** Exercise aim **
In the entries that follow, find the line containing "男孩飞机图片素材_3d立体卡通男孩开飞机童趣"; from there, copy every line exactly through the line containing "Hot Wheels 1:64".

(Caption-style text data)
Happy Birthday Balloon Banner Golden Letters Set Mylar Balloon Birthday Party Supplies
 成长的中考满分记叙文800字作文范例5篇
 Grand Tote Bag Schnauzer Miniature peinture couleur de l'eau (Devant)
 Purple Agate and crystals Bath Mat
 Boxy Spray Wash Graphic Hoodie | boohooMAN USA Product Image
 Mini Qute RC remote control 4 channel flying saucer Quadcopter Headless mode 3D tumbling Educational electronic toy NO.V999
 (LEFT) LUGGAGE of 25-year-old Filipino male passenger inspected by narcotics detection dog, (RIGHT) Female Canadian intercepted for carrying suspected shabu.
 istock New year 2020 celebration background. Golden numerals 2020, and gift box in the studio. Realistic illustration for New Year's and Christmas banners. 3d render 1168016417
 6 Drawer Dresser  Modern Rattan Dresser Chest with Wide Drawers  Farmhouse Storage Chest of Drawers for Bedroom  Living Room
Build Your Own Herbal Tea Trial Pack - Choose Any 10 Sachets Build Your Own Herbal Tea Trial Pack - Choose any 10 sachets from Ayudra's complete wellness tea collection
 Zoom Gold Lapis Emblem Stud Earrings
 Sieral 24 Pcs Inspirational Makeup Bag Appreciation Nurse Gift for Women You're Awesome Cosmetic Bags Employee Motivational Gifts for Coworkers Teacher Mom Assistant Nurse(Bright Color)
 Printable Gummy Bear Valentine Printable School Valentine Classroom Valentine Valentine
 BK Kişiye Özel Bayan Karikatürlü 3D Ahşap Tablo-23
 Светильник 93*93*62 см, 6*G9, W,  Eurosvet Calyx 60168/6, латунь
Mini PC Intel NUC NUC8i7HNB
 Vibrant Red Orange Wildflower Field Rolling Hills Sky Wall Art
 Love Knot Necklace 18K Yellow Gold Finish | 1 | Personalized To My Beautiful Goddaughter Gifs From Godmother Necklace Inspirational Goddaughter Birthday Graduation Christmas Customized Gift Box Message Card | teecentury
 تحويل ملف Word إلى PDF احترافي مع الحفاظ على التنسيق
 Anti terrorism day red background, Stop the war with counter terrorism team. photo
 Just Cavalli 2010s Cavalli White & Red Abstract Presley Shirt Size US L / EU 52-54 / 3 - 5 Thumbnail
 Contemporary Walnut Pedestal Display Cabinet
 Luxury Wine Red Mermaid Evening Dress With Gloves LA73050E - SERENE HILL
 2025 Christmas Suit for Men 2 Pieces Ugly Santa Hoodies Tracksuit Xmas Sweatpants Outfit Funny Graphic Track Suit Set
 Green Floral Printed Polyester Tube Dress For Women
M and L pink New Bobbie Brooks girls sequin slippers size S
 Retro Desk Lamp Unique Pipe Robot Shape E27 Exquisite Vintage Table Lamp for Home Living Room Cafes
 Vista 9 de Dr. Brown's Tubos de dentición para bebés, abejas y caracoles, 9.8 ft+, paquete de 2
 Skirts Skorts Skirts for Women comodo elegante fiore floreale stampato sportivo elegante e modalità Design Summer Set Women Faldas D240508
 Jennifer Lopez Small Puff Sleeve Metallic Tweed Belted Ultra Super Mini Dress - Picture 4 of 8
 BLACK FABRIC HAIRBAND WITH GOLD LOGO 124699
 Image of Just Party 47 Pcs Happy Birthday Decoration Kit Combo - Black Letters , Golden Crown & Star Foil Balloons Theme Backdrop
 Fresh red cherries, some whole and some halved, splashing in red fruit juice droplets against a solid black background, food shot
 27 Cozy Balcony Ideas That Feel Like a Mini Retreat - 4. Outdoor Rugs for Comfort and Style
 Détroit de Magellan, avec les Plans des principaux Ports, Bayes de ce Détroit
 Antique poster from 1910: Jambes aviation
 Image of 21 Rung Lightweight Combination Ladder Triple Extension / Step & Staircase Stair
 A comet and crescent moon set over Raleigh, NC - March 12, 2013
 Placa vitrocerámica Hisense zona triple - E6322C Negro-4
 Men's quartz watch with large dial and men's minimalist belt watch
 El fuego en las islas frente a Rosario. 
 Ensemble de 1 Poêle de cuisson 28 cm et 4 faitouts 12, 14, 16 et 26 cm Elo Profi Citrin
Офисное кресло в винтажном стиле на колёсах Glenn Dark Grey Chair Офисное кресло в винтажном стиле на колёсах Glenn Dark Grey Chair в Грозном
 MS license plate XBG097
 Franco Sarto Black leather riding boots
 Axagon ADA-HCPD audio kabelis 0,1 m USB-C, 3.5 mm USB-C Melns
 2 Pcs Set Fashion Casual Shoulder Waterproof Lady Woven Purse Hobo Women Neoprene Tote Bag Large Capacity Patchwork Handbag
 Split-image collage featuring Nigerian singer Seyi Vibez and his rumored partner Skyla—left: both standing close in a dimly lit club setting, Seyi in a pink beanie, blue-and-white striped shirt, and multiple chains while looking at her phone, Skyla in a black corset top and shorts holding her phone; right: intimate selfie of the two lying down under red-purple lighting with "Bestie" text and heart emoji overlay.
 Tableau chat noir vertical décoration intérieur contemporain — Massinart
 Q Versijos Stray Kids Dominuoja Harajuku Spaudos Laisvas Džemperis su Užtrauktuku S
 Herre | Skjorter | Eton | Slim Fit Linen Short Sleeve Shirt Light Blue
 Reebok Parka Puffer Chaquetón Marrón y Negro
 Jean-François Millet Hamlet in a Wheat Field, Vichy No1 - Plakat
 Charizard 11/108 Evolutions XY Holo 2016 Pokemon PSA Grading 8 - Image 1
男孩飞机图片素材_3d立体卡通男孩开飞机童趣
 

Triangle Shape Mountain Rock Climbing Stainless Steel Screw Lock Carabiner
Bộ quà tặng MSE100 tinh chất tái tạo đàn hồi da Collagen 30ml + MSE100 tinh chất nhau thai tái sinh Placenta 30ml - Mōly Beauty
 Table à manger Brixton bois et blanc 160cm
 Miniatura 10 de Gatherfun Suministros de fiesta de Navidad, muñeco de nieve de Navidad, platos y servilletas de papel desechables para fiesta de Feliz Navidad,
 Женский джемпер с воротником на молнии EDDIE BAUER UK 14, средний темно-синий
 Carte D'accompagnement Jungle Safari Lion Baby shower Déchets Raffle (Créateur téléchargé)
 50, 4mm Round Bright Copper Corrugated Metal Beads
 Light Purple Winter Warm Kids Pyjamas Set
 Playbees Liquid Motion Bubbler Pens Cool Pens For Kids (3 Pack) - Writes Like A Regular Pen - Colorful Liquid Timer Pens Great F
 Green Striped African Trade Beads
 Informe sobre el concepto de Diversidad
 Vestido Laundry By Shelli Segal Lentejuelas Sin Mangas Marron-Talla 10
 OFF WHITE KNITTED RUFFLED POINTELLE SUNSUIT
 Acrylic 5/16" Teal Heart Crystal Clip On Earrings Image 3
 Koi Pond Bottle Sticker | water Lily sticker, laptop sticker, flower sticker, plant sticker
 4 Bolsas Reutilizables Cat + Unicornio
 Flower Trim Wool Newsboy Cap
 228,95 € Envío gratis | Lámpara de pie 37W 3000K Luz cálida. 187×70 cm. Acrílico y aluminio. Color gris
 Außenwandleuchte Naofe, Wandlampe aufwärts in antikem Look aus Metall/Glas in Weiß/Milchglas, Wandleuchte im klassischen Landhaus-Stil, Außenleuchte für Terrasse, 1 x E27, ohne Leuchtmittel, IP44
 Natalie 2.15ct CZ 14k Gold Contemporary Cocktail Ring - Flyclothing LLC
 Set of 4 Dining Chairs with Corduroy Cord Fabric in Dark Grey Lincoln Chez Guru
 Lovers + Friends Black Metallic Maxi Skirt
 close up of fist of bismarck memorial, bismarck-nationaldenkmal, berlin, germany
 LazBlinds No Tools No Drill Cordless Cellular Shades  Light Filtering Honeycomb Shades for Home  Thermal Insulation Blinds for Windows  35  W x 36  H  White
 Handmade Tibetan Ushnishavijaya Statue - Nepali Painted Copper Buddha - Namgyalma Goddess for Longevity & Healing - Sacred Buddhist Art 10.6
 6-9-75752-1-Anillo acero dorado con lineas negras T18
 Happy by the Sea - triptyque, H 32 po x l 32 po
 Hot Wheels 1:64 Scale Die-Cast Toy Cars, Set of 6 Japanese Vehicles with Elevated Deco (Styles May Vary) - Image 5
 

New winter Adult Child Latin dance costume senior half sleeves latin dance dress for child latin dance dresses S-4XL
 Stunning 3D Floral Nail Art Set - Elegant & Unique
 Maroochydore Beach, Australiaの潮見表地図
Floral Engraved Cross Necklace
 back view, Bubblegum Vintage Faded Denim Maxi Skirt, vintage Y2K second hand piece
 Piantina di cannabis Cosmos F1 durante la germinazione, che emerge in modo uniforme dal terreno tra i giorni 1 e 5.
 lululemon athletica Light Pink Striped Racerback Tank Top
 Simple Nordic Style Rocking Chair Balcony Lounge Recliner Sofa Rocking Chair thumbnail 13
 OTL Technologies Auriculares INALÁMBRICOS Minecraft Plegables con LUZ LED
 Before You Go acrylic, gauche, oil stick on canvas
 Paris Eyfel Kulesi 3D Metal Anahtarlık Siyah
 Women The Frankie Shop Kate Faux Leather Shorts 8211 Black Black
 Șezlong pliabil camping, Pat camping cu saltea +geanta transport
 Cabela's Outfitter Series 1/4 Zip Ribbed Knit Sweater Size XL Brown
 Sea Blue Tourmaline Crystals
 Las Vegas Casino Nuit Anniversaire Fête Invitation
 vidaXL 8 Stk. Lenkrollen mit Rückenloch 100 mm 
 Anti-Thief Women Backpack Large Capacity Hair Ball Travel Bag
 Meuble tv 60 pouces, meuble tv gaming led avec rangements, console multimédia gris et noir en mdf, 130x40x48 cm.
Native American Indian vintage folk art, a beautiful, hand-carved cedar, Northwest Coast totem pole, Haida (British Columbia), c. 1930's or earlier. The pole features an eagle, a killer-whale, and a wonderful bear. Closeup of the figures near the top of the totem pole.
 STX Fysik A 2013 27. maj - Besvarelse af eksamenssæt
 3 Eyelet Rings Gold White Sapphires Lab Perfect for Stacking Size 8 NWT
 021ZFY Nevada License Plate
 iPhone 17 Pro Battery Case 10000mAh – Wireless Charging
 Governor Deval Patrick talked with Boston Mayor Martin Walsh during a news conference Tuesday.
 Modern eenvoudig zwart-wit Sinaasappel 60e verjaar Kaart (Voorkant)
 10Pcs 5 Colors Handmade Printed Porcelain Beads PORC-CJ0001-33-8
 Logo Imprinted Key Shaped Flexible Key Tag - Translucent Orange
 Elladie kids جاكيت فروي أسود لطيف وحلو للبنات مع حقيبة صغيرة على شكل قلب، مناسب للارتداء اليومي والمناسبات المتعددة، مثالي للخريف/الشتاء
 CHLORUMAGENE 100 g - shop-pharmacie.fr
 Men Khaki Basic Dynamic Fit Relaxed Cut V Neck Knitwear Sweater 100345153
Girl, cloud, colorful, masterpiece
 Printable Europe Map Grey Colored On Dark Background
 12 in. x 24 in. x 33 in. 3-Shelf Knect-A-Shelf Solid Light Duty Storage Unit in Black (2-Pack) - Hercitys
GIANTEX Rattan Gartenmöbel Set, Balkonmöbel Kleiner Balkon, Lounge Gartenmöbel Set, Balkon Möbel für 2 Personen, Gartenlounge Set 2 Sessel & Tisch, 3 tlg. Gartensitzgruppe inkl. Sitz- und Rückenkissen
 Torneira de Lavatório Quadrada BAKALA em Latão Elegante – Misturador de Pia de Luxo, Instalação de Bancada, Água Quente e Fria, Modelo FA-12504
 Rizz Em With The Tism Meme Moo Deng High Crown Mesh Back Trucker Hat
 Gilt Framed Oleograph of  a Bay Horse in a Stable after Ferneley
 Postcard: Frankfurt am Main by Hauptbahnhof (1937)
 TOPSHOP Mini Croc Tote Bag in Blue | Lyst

** Response to the exercise **
男孩飞机图片素材_3d立体卡通男孩开飞机童趣
 

Triangle Shape Mountain Rock Climbing Stainless Steel Screw Lock Carabiner
Bộ quà tặng MSE100 tinh chất tái tạo đàn hồi da Collagen 30ml + MSE100 tinh chất nhau thai tái sinh Placenta 30ml - Mōly Beauty
 Table à manger Brixton bois et blanc 160cm
 Miniatura 10 de Gatherfun Suministros de fiesta de Navidad, muñeco de nieve de Navidad, platos y servilletas de papel desechables para fiesta de Feliz Navidad,
 Женский джемпер с воротником на молнии EDDIE BAUER UK 14, средний темно-синий
 Carte D'accompagnement Jungle Safari Lion Baby shower Déchets Raffle (Créateur téléchargé)
 50, 4mm Round Bright Copper Corrugated Metal Beads
 Light Purple Winter Warm Kids Pyjamas Set
 Playbees Liquid Motion Bubbler Pens Cool Pens For Kids (3 Pack) - Writes Like A Regular Pen - Colorful Liquid Timer Pens Great F
 Green Striped African Trade Beads
 Informe sobre el concepto de Diversidad
 Vestido Laundry By Shelli Segal Lentejuelas Sin Mangas Marron-Talla 10
 OFF WHITE KNITTED RUFFLED POINTELLE SUNSUIT
 Acrylic 5/16" Teal Heart Crystal Clip On Earrings Image 3
 Koi Pond Bottle Sticker | water Lily sticker, laptop sticker, flower sticker, plant sticker
 4 Bolsas Reutilizables Cat + Unicornio
 Flower Trim Wool Newsboy Cap
 228,95 € Envío gratis | Lámpara de pie 37W 3000K Luz cálida. 187×70 cm. Acrílico y aluminio. Color gris
 Außenwandleuchte Naofe, Wandlampe aufwärts in antikem Look aus Metall/Glas in Weiß/Milchglas, Wandleuchte im klassischen Landhaus-Stil, Außenleuchte für Terrasse, 1 x E27, ohne Leuchtmittel, IP44
 Natalie 2.15ct CZ 14k Gold Contemporary Cocktail Ring - Flyclothing LLC
 Set of 4 Dining Chairs with Corduroy Cord Fabric in Dark Grey Lincoln Chez Guru
 Lovers + Friends Black Metallic Maxi Skirt
 close up of fist of bismarck memorial, bismarck-nationaldenkmal, berlin, germany
 LazBlinds No Tools No Drill Cordless Cellular Shades  Light Filtering Honeycomb Shades for Home  Thermal Insulation Blinds for Windows  35  W x 36  H  White
 Handmade Tibetan Ushnishavijaya Statue - Nepali Painted Copper Buddha - Namgyalma Goddess for Longevity & Healing - Sacred Buddhist Art 10.6
 6-9-75752-1-Anillo acero dorado con lineas negras T18
 Happy by the Sea - triptyque, H 32 po x l 32 po
 Hot Wheels 1:64 Scale Die-Cast Toy Cars, Set of 6 Japanese Vehicles with Elevated Deco (Styles May Vary) - Image 5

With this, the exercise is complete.